● **Dataset records**:

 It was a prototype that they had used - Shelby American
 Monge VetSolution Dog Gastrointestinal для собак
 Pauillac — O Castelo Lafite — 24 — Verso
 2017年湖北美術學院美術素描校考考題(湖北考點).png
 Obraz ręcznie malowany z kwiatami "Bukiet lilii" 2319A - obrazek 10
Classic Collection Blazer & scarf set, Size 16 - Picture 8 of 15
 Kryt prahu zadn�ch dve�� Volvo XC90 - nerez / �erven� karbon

* * *

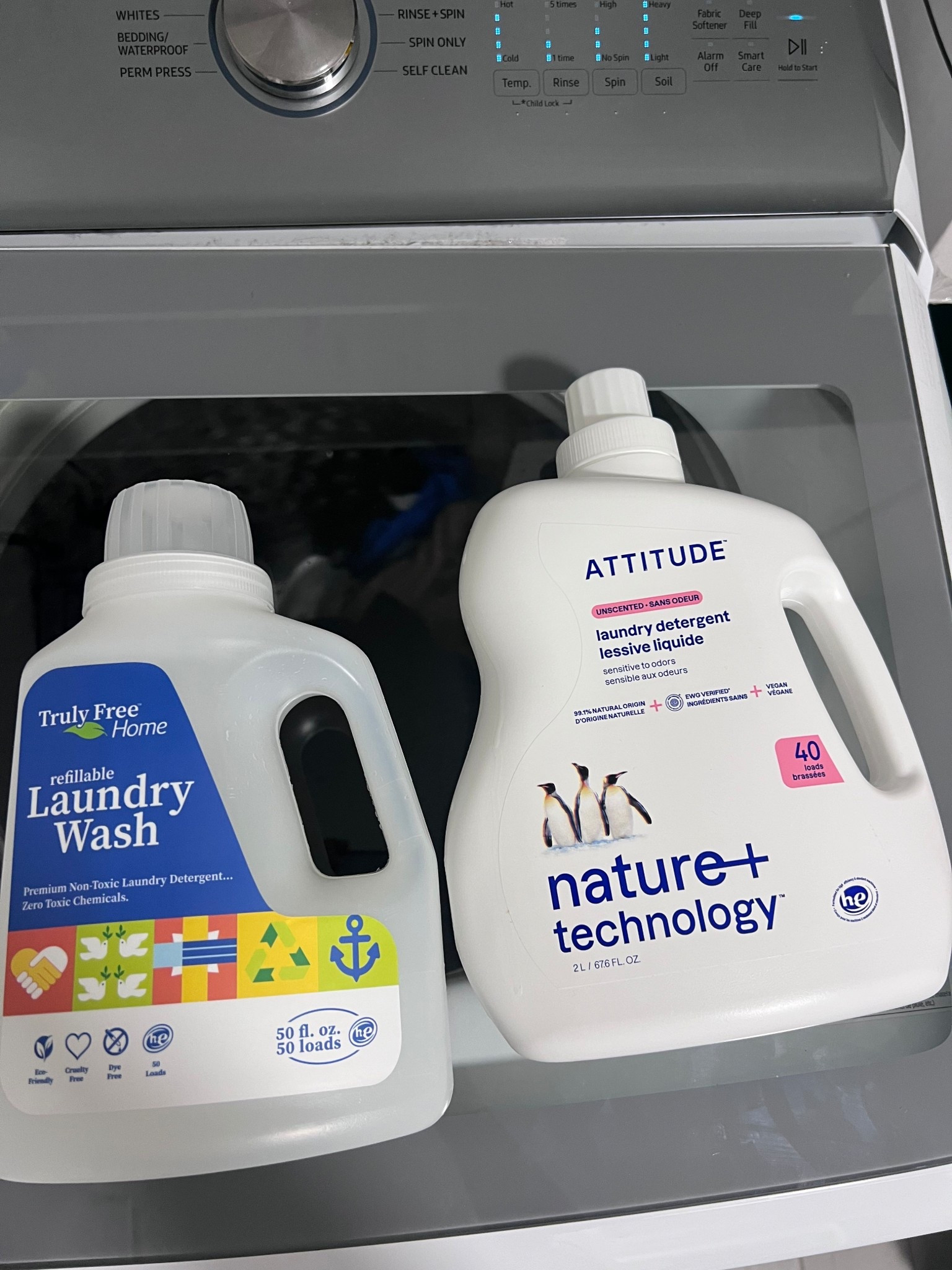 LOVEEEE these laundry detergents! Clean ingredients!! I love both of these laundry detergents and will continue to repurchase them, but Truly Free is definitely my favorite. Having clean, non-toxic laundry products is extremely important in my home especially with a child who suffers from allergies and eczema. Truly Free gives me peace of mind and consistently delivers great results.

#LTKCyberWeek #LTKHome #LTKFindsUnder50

==

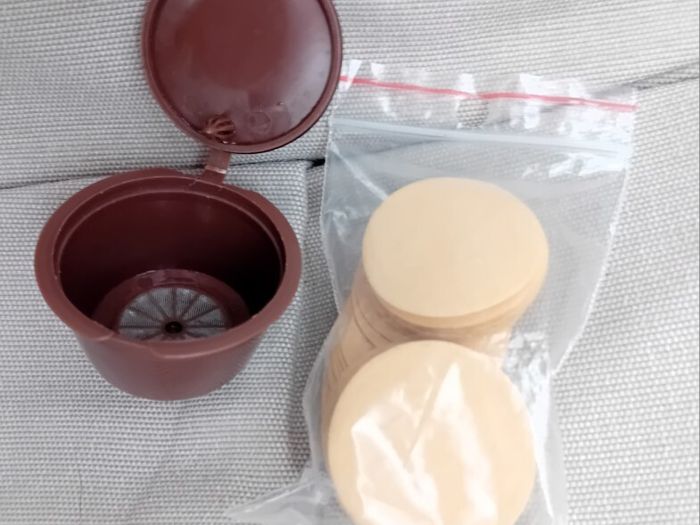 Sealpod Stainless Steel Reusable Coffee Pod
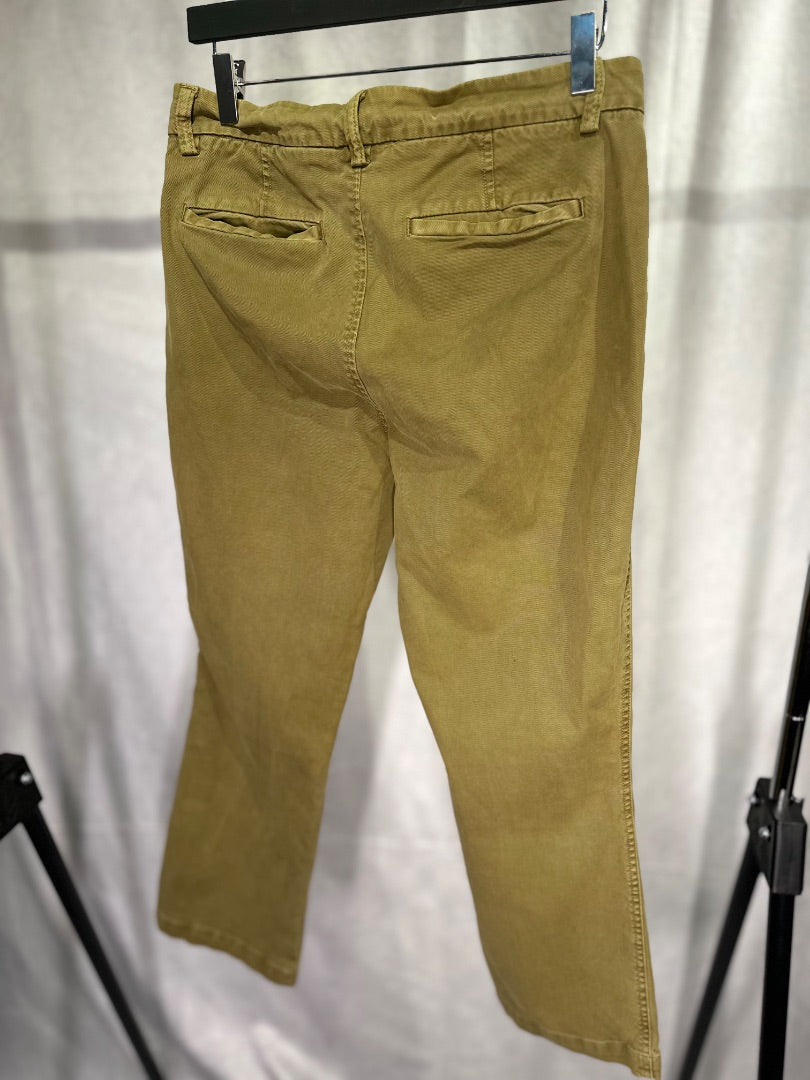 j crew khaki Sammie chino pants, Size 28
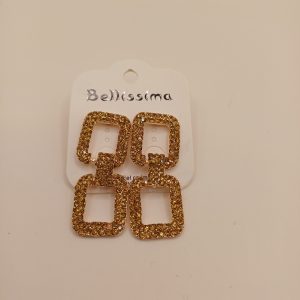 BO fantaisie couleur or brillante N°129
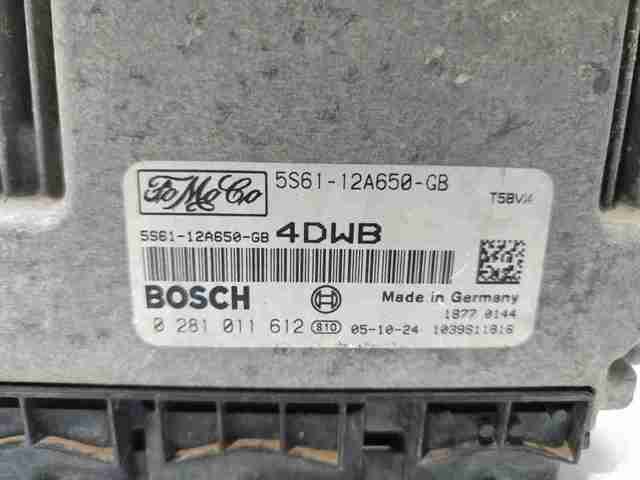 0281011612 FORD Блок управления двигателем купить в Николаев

● **What to do**:
All that should be printed is the run of lines above from the one with "j crew khaki Sammie chino pants, Size 28" through the one with "0281011612 FORD Блок", both included, exactly as given, with pictures left out.

● **Exercise result**:
 j crew khaki Sammie chino pants, Size 28
 BO fantaisie couleur or brillante N°129
 0281011612 FORD Блок управления двигателем купить в Николаев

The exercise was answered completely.